Solovetsk, a great monastery on an island of the White Sea, bombarded by the British in 1854.
Solway Firth - in its upper part best regarded as the estuary of the river Esk, in its lower as an inlet of the Irish Sea - separates Cumberland from the south of Scotland. Its entire length, until lost off Balcarry Point in the Irish Sea, is 36 miles; its breadth for the upper 13 varies from 1 1/3 to 8 1/2 miles, but afterwards it gradually, although irregularly, increases to 22. The principal rivers flowing into it, besides the Esk, are the Annan, Nith, Dee, and Urr from the Scottish side, and the Eden and Derwent from the English. Its most striking feature is the 'bore,' which in spring-tides rushes in from 3 to 6 feet high, and at the rate of 8 to 10 miles an hour, occasionally inflicting serious damage on the shipping; while after it has retreated great stretches of the bed of the firth are left bare, and in some places one can even cross over from the English to the Scottish shore. The salmon-fisheries are valuable. Near Annan the Solway is spanned by a railway viaduct, 19(50 yards long, which, originally constructed in 1866-69 at a cost of £100,000, was almost destroyed by floating ice in January 1881, but was reopened to traffic in 1884. Scott paints the scenery of the Solway Firth in both Guy Mannering and Redgauntlet.

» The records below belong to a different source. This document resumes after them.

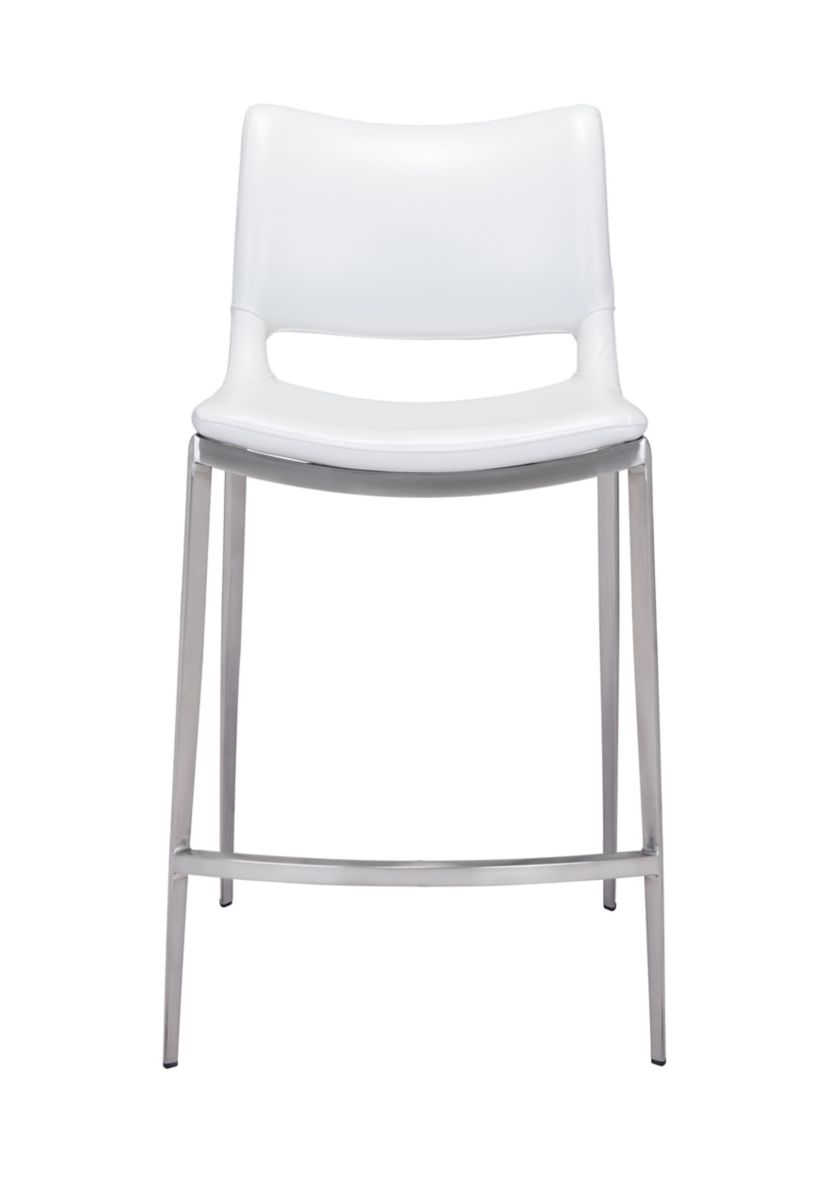 Ace Counter Chair - Set of 2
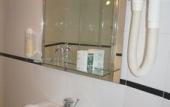 Туры в отель Hotel Lucien & Marinette Туры в отель Hotel Lucien & Marinette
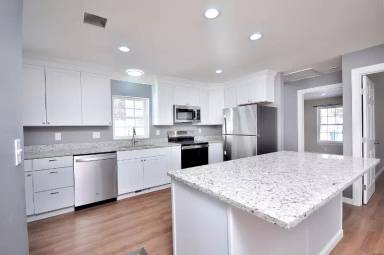 Main picture of 104 Munson Dr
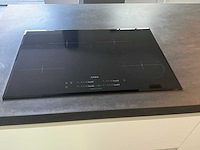 Keuken met aeg apparatuur - afbeelding 19 van  44
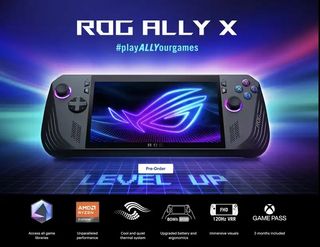 (Category: ) located in . Submitted by ryan4833 (Listing ID 1324622675, Image 1). Description: .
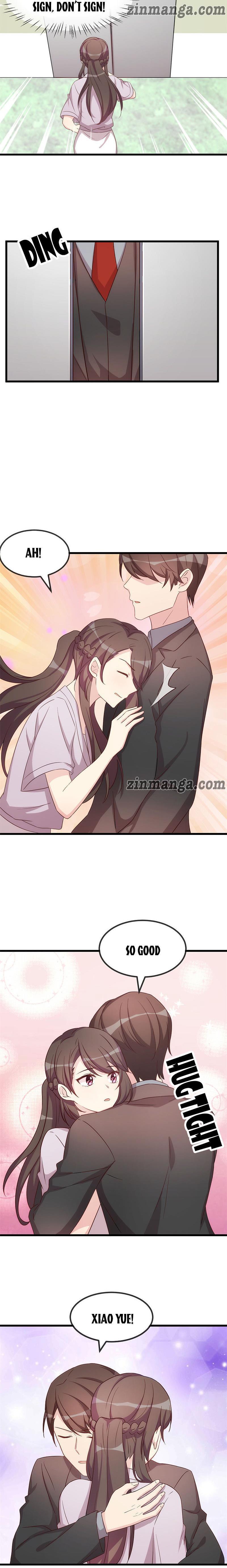 Page 5 of Chapter 343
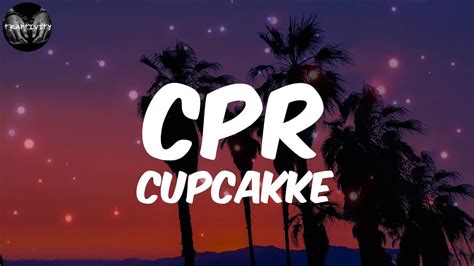 Cpr lyrics. Things To Know About Cpr lyrics. 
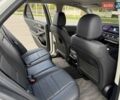 Белый Мерседес ГЛЕ-Класс, объемом двигателя 1.95 л и пробегом 75 тыс. км за 58900 $, фото 67 на Automoto.ua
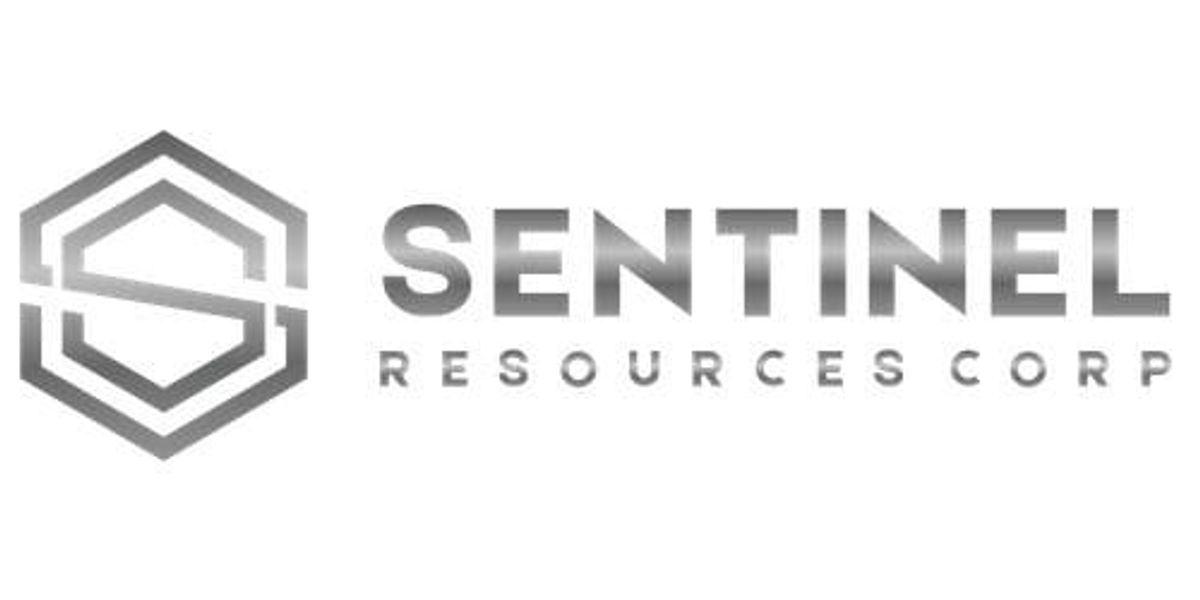 Sentinel Hr Sentinel Resources Stock Price, News, Quote & History | INN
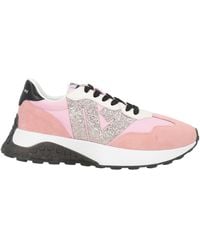 Emanuélle Vee - Trainers - Lyst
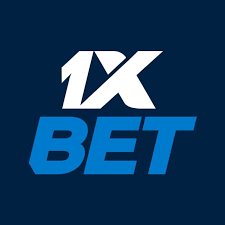 1xbet Pakistan Your Gateway to Betting Excellence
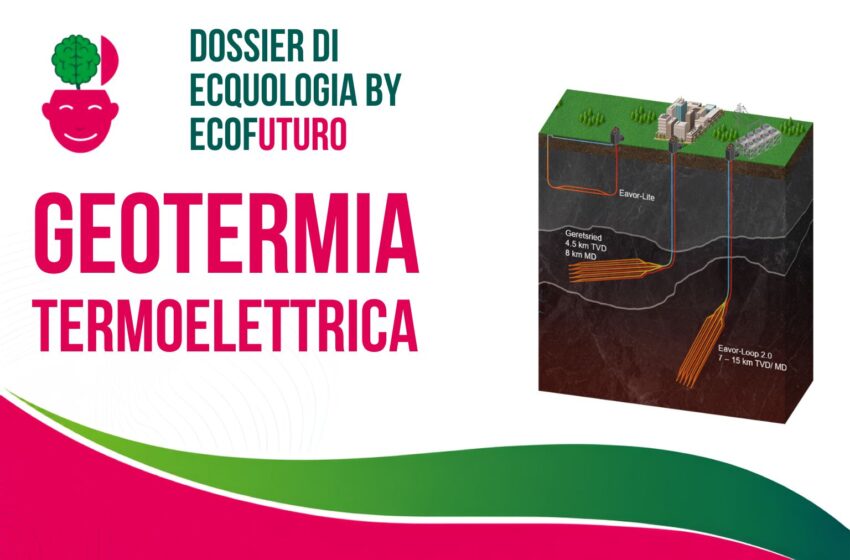  Dossier Geotermia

The Solway Moss is a district of Cumberland about 7 miles in circumference, lying west of Longtown, and immediately adjoining Scotland. As its name implies, it was once a bog, but is now drained and cultivated. Here, in November 1542, a Scottish host was routed by a handful of English borderers. In 1771 the boggy ground, swelling after heavy rains, burst like a torrent and destroyed some thirty small villages.